### WHAT THE TASK ASKS
In the records below, repeat exactly the lines between the line holding "Πανελλήνιες 2025: Ξεκινά" and the line holding "设计师品牌 - 花现小鹿", inclusive, and drop the pictures.

### DATASET RECORDS
BEGIN

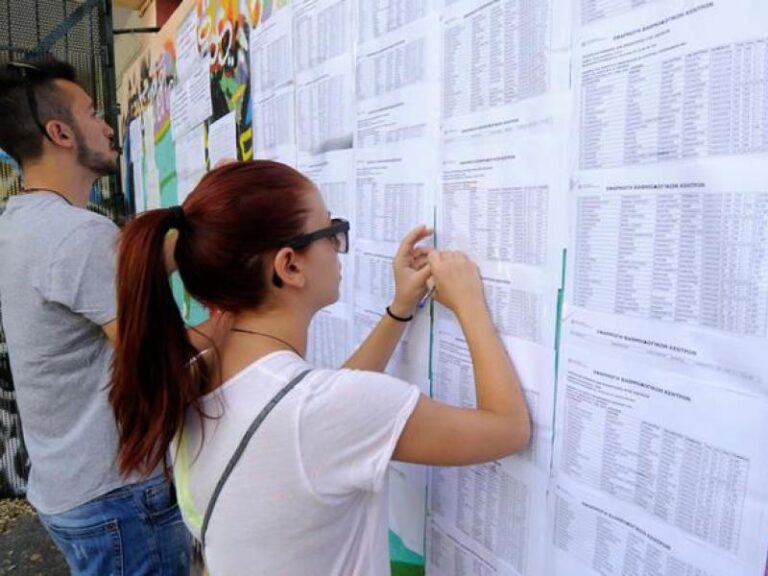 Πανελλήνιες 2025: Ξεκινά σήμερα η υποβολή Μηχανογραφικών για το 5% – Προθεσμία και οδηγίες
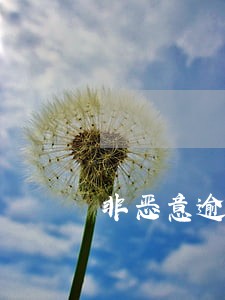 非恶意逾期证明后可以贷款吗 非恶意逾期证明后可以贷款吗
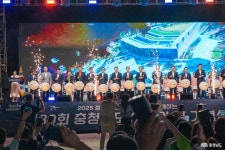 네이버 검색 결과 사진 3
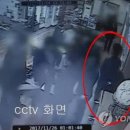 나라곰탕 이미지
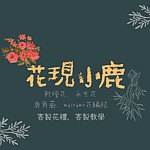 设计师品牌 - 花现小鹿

END
BEGIN

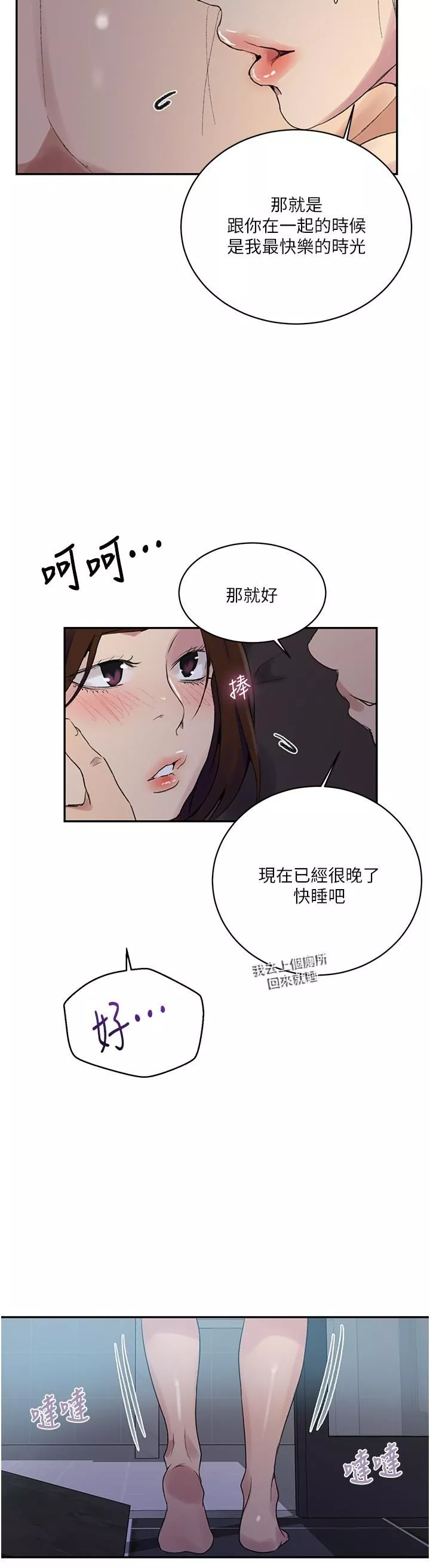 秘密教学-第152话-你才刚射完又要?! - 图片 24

END

### WRITTEN ANSWER
 Πανελλήνιες 2025: Ξεκινά σήμερα η υποβολή Μηχανογραφικών για το 5% – Προθεσμία και οδηγίες
 非恶意逾期证明后可以贷款吗 非恶意逾期证明后可以贷款吗
 네이버 검색 결과 사진 3
 나라곰탕 이미지
 设计师品牌 - 花现小鹿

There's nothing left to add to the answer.